Distinguished Sailors –
William S. Sims
Issue Date: February 4, 2010
First-day City: Washington, D.C.
William Sims (1858-1936) didn’t hesitate to speak his mind. A U.S. Navy officer, Sims reported in 1902 that even the most powerful U.S. warship was “glaringly inferior” to those of possible enemies. His superiors objected, so Sims sent his report to President Theodore Roosevelt. Roosevelt listened and made Sims a naval aide.
Sims’ outspoken nature was also part of a keen naval mind that was open to new ideas. From his time spent as an observer in the Russo-Japanese War in 1904, he concluded that the Navy needed to change to an “all-big gun” philosophy, since damage done by big ship guns more than made up for the versatility of ships with a mix of smaller guns.

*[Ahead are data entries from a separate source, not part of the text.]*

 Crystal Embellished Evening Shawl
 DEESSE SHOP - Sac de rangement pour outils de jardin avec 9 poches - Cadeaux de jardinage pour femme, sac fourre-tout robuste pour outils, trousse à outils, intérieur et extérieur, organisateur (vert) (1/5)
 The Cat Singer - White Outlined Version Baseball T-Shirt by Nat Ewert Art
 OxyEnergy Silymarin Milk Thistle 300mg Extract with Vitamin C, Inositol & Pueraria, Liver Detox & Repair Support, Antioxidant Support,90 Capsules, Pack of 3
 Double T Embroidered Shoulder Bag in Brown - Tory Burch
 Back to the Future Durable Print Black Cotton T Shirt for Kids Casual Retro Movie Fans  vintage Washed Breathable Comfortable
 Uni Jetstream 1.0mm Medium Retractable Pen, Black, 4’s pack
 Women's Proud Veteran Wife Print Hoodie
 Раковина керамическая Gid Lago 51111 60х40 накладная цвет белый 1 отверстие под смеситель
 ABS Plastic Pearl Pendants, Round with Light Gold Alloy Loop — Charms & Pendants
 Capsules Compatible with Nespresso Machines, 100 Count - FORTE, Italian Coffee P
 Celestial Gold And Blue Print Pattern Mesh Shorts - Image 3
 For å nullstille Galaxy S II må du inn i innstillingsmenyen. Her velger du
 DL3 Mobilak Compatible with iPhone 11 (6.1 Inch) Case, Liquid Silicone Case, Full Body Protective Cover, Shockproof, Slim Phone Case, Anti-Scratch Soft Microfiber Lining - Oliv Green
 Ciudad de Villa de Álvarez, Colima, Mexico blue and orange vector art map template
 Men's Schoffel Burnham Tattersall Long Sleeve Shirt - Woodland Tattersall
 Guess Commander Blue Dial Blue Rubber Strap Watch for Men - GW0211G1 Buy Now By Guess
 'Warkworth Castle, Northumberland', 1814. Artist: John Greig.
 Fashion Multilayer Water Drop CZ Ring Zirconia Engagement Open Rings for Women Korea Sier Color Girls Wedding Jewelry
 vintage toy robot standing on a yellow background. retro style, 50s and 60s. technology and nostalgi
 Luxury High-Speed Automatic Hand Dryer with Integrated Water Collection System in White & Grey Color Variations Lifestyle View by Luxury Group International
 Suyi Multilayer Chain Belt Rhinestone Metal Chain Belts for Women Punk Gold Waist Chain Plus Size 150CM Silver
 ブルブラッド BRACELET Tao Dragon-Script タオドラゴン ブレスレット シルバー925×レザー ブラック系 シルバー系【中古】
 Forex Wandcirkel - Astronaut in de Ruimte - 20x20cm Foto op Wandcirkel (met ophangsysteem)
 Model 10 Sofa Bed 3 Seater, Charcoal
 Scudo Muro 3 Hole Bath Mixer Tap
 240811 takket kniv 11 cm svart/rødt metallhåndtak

Sims was reprimanded by President William Howard Taft in 1910, when Sims guaranteed U.S. support to England, but he was the admiral placed in charge of all U.S. Navy forces when war came. Sims’ use of convoys greatly improved the stream of supplies to Great Britain during World War I.
While his post-war criticism caused controversy, as head of the Naval Academy, Sims made major advances in Naval theory. His war-games predicted many of the strategies used by aircraft carriers – years before the first carrier was ever built. As a reformer, Sims helped modernize the U.S. Navy.